Save as... CSV. That's my hope for today, that you'll know to save as .csv because that''ll really help devs. Work with your data. It'd be great if it were on the web and openly licensed, but even that... Turn up with a memory stick and an interesting dataset, and you might grab someone's interest.
Save as... CSV
So: here's the shortcut to publishing open data – useful to anyone who knows their spreadsheet, and has a Google account. Licensing isn't my specialist subject... I doubt any technical guru is going to think your .csv files are absolutely the best format possible, but they will make it a bit easier for developers to work with your data.
Here's the website of the marvellous Norfolk and Norwich Festival. I'm very keen on their work: they're from Norwich and they have an international reputation. I used their data at Rewired State Norfolk last year, and for my purposes today, it's a useful example of event information...
Here's their brochure in pdf format, available on the Internet. Good.
I want to use it as an example, so I've just pasted the first column into a spreadsheet. (I use LibreOffice, it could just as easily have been Excel.) You can see it looks a little irregular at the moment. As you'd expect.
Just taking that first row, I split it into four columns.
Starting to look a bit more regular now, after a bit of cutting and pasting, and my spreadsheet has guessed that some of those num,bers are times and given them a standard format. Interesting, there's an event that's not worked for – The Voice Project starts at “Sunrise”.... Easy for a human being to get that, harder for a machine...
So I nip over to another website to find the time... I generously forgave myself for using London sunrise time rather than Norwich's.
So, here it is a bit more regular. I've made the dates into a standard format, added that sunrise time. More of a consistent pattern.
Added a header row, so explain to the machine what these columns meant. (NB: I made a small mistake here too – it'd be better to make “Start Time” into one word”StartTime” or “Start_Time” Just makes it a little easier for the machines....)
Here we go - “Save as... CSV” With a nice file name, no spaces.
This is a little technicality – the comma symbol is what separates the items in a row, and the quotation marks denote text... Just click OK. Now, upload that file onto a blog post under an open license, and you've got 3-star open data. Then talk about it, say what you love about it, inspire developers to get in and make stuff with it. It#'s not a perfect format, but it removes a lot of the barriers between a dev and using your data.
I wanted to go a little further, and I know a few hack day devs who rather like a data format called JSON. (Javascript Object Notation...) So I turned to my Google account.
See, we use Google Docs a lot. (Yes, I know there are some licensing issues... Not my area of expertise.) Particularly interesting – that UK GDP data set from the Guardian.
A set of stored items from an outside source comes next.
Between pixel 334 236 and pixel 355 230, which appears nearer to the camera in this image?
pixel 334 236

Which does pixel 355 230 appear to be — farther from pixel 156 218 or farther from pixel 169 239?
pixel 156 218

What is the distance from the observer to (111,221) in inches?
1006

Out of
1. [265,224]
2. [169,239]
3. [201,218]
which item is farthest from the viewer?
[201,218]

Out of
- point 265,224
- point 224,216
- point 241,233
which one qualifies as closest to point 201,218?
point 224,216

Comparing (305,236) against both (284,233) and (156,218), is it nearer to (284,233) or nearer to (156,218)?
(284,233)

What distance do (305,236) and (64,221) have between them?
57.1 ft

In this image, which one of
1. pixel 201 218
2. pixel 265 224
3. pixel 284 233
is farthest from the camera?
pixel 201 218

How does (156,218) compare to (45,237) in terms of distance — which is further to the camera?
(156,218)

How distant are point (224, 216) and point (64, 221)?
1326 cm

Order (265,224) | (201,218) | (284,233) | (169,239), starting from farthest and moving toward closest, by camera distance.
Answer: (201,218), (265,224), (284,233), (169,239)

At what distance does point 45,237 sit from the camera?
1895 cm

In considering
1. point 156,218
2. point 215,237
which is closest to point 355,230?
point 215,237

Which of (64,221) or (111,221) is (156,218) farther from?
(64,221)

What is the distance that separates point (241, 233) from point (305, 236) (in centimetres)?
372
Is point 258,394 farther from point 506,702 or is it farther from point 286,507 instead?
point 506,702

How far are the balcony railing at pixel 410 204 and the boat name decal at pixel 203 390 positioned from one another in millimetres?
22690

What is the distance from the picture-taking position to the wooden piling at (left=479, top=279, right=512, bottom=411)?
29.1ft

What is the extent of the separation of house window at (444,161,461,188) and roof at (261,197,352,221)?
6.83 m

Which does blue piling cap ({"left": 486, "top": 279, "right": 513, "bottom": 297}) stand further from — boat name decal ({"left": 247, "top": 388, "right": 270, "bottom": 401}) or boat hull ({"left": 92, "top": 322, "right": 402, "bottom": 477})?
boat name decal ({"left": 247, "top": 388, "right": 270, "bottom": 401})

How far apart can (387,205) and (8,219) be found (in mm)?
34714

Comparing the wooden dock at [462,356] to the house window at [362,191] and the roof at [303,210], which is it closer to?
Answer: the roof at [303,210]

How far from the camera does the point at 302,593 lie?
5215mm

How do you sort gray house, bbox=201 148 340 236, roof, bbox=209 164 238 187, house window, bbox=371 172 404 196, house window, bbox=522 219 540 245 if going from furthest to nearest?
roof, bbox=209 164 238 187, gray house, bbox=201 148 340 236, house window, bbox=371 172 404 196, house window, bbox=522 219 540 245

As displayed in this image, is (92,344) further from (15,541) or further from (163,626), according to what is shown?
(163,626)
I hit the red “create” button.
Got myself a new spreadhseet, copied that bit of Festival data in.
I could choose some sharing settings – as you can see, I've not published the sheet but you'd need to to make it open. (Sharing settings is linked from the File menu)
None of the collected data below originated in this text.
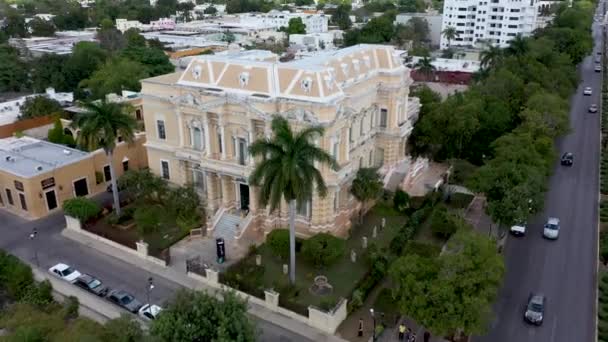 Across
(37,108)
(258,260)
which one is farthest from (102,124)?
(37,108)

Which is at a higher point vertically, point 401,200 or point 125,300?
point 401,200

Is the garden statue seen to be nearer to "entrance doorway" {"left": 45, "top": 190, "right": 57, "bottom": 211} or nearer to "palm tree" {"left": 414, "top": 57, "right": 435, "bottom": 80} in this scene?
"entrance doorway" {"left": 45, "top": 190, "right": 57, "bottom": 211}

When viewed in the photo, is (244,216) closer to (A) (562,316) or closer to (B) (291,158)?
(B) (291,158)

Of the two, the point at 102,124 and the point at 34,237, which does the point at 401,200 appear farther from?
the point at 34,237

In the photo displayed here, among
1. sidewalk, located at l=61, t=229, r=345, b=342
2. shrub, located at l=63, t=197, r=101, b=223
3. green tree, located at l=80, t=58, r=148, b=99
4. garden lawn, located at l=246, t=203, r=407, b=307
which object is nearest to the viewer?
sidewalk, located at l=61, t=229, r=345, b=342

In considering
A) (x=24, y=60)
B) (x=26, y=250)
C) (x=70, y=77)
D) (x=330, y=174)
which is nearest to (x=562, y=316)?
(x=330, y=174)

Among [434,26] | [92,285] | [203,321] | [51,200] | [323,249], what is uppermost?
[434,26]

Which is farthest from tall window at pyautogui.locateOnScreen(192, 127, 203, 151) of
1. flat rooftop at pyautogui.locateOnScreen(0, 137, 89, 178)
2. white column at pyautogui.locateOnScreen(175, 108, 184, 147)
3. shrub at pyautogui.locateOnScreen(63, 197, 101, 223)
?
flat rooftop at pyautogui.locateOnScreen(0, 137, 89, 178) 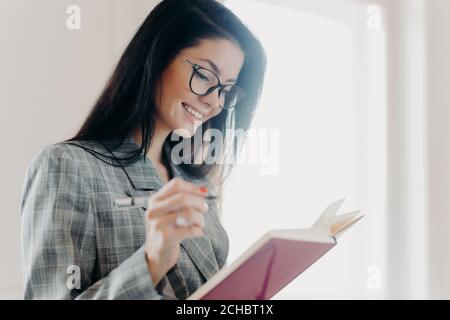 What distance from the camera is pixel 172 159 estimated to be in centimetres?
102

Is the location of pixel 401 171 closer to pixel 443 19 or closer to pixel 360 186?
pixel 360 186

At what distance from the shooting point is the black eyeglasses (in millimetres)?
985

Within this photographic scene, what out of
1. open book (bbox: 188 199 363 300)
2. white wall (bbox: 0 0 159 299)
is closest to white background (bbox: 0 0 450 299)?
white wall (bbox: 0 0 159 299)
Also from the File menu, I could choose to publish to the web. There's a few options – one of them is “CSV” as it happens, so you;d not even need to upload your csv file, you can link to it's Google Docs incarnation. I chose ATOM because I want to use a trick... Grab the web address from there...
Do what it says on this slide, and you get JSON.
Which looks a bit like this. Not as human-readable, but a bit more machine-readable. And that's it. Thanks for listening.